In 1885 Mr Darling was chosen to the office of the eldership in Broughton Place Congregation, of which, from the time of his coming to Edinburgh, he had been a member. He was cordially welcomed into the ranks of the Session by his brother elders, and more than realised all the favourable anticipations which they had formed regarding him, as one who would keep before his mind the solemn thought that he had been called to "watch for souls as those who must give an account." Combining in his character a sound judgment with a large-hearted charity, he could work pleasantly with others, and believe in their conscientiousness, and love them not the less, when he sometimes differed from them in his practical judgments. He had a most wholesome horror of fads and crotchets. In his district as elsewhere, he was self-forgetting in seeking the good of others to an extent reached by few. And he was a man of prayer, and an earnest lover of peace. During the few years in which he lived to discharge the duties of the eldership, which to him was no sinecure, or downy pillow on which to fall asleep, every member in the district which was specially committed to his oversight had come to regard him as a personal friend. The poor among the people were always on his heart.

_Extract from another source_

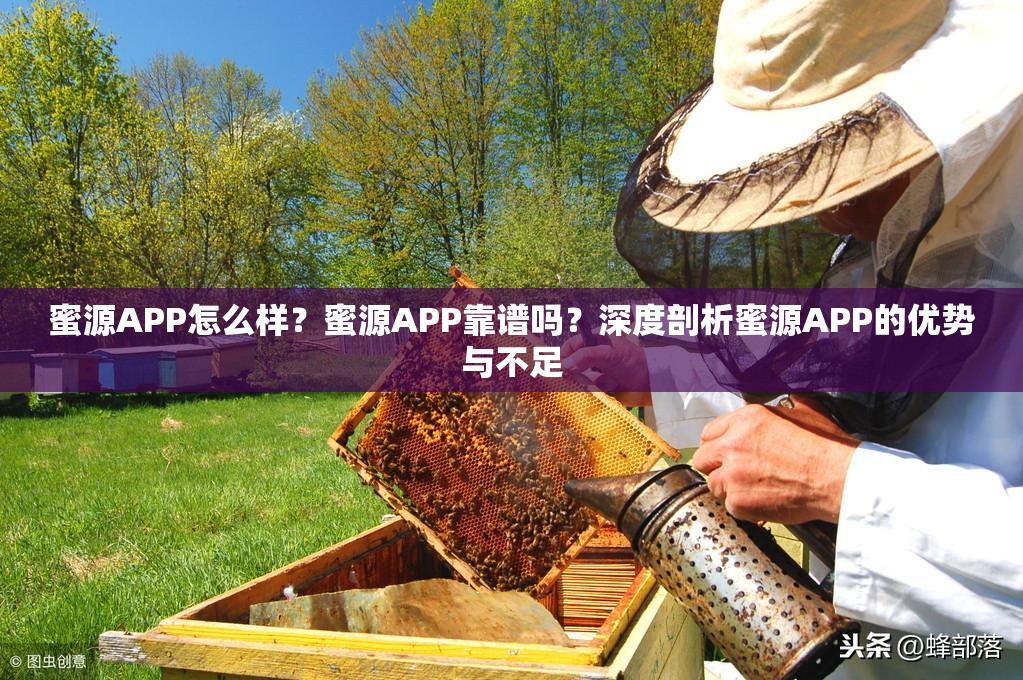 蜜源APP怎么樣？蜜源APP靠譜嗎？深度剖析蜜源APP的優(yōu)勢(shì)與不足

He was quite the kind of elder to whom a perplexed member would go for advice, or a sorrowful spirit for consolation.

One member in his district, an earnest Christian worker like himself, sends us this grateful testimony to the benefit she derived from his visits. "His visits were a great pleasure to me, and, however busy I might be, I always felt myself quite willing to leave the most pressing work and have a little talk with him. He was so full of love to Jesus, and to souls. After his visits, I always felt myself stirred up to new effort in rescuing the perishing and doing all that I could to win back souls to Christ. Mr Darling had ever some new case in hand, and he would tell out all that was being done by himself and others to lift up some one who had sunk far down through drink, or some other indulged sin.

"Although he was greatly interested in cases that came more directly under his own notice yet he was a most willing listener to all that others had to tell of their work for Jesus. Often have I seen the tear come to his eyes as he listened to the story of some weary wanderer returning to the bosom of his Lord. It was this deep interest and sympathy, shown in all departments of the Lord's vineyard, that made his visits so helpful to me as a Christian worker; and one felt that he was most suited for an elder, not only because he was a great worker himself, but because he encouraged others to go and do likewise."